Album cover for "The Great Impersonator" by Halsey, featuring a monochrome portrait with vivid makeup and a prominent golden star motif.
Album cover for "The Great Impersonator" by Halsey, featuring a monochrome portrait with vivid makeup and a prominent golden star motif.

“I really thought this album might be the last one I ever made. When you get sick like that, you

start thinking about ways it could have all been different. What if this isn’t how it all went down?

18 year old Ashley becomes Halsey in 2014. What if I debuted in the early 2000s? The ‘90s?

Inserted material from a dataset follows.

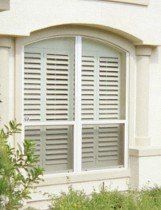 A window with shutters on it is on the side of a building.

The '80s? The '70s? Am I still Halsey every time? In every timeline? Do I still get sick? Do I

become a mom? Am I happy? Lonely? Have I done enough? Have I told the truth? I spent half

my life being someone else, I never stopped to ask myself: If it all ended right now, is this the

person you’d be proud to leave behind? Is it even you?”


- Halsey, in regards to the album, The Great Impersonator


Halsey has been one of the most popular and best singer-songwriters of this generation. Halsey,

Real Name Ashley grew up in New Jersey and has been making music since 2014 when she

got signed to her first label. That same year she released her first EP; “Room 93”. In 2015, She

would release her debut album, “Badlands” which would be received well critically. In 2016,

she’d had one her biggest song releases to date alongside The Chainsmokers called “Closer” which at the time of this review is 14 times Platinum. In 2017, she’d release her second album “Hopeless Fountain Kingdom” showing a new more “radio-friendly” sound. She’d release another big single in 2018 titled “Eastside” featuring Khalid and Benny Blanco. In 2020, She’d release album number three, titled “Manic” which would be her first full length release on her new label of Capitol Records. Manic would also feature her biggest song to date in “Without Me” which went Diamond. One year later, she’d trade the “radio-friendly” sound to a grittier and darker tone with her fourth album “If I can’t have love, I want Power” which would gain a very positive reaction in the eyes of critics. Little did she know how the next couple years would change everything for her, both personally and in her career.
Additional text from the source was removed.